At the beginning of this first full week of Black History Month, it’s clear America’s civil rights movement still has a long way to go. 
 
The unique gift of Dr. Martin Luther King, Jr.’s leadership continues to bear fruit, even in his absence. 
 
But something else is missing from the landscape of contemporary civil rights activism: MLK’s resilient trust in God.
 
Lewis Baldwin, Professor of Religious Studies and Director of African American Studies at Vanderbilt University, points out that many labels were attached to King during his lifetime.  “He was called a civil rights activist.  He was called a social activist, a social change agent, a world figure.  But I think he thought of himself first and foremost as a preacher, as a Christian pastor.”
 
His father was a pastor. His grandfather had been a pastor.  His great-grandfather had been a pastor. 
 
When King was called in 1954 to become the 20th pastor in the storied history of Dexter Avenue Baptist Church in Montgomery, Alabama, he expressed no aspirations to campaign openly for civil rights.  The committee that hired him said they were looking for a “noncontroversial pastor” who could help heal internal church tensions and restore congregational morale.  Baldwin reports, “King arrived with a 34-point plan for the future.”  In other words, he would be just another exceedingly busy pastor. 
 
The very next year, however, Rosa Parks refused to give up her seat to a white man on a Montgomery bus.
 
King plunged into organizing a bus boycott.  The rest is civil rights history. 
 
It’s clear that King never ceased to be who he truly was – someone who believed in the existence of an infinite-personal God, a creator who endowed all men and women with equal worth and dignity as co-bearers of his image, and who calls us, through Jesus, to confront social injustice with non-violent love.   
 
“Every genuine expression of love grows out of a consistent and total surrender to God,” he wrote. 

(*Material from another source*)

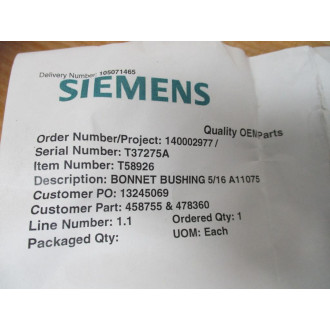 Siemens T58926 Bonnet Bushing 516 A11075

During his brief 13 years of public ministry, King was beaten, hit with stones, stabbed in the chest by a deranged woman, and imprisoned 29 times.  J. Edgar Hoover called him “the most notorious liar in the country.”  Like all of us, Dr. King was far from perfect.  In the face of unremitting criticism, he doubled down on his trust in God.  Nothing good, he said, could happen apart from clinging to the God whose mission he yearned to represent.
 
King biographer Taylor Branch has pointed out something crucial about the civil rights movement of the 50s and 60s.  It “fused the political promise of equal votes with the spiritual doctrine of equal souls.”
 
And that highlights an important contrast with today’s civil rights conversation.  For many contemporary activists – whether community organizers, politicians, or action groups – faith is no longer central.  It may not even be in the picture.  Millions of people who care about civil rights share Dr. King’s relentless trust in God.  But when it comes to the public face of civil rights dialogue at the highest levels in our country, talking about God is clearly out of fashion.    
 
Every activist agrees on the absolute need for equality and human rights. 
 
But if God’s presence is no longer assumed, where exactly do these rights come from?  If someone like God isn’t there to declare that human beings are equal, what makes us think such a thing is true?  And if Jesus is just one voice among many spiritual traditions, why should we put ourselves at risk by imitating Dr. King’s radical dependence on Jesus’ non-violent methods?
 
Secularism is the worldview that dominates American university campuses and much of the 21st century’s social and political dialogue. 
 
But secularists struggle when it comes to the so-called “moral question.”  On the one hand, they insist there are no absolute values “out there” waiting to be discovered.  That’s because there’s no God who is empowered to say, “This is right and this is wrong.”  Human beings must therefore live by their own authority.  We’re boldly challenged to create our own values.   
 
At first glance, this formula seems to promise glorious freedom.  But in actual practice, it leads to chaos.    
 
When my favorite values conflict with your favorite values, and there’s no divine Authority to act as referee, who or what decides who “wins”?
 
Author Robert Nozick begins his much-admired book Anarchy, State, and Utopia with this oft-quoted line: “Individuals have rights, and there are some things no person or group can do to them.”
 
That’s a lovely idea.  But an honest person has to respond, “Wait a minute: Who says?”  Who can say – with authority – that individuals actually have rights?  And does that mean non-Western people have to buy into the preferred rights of Western people if they don’t happen to like them?
 
Virtually everyone agrees that it would be a very good thing for as many people as possible to enjoy the Good Life.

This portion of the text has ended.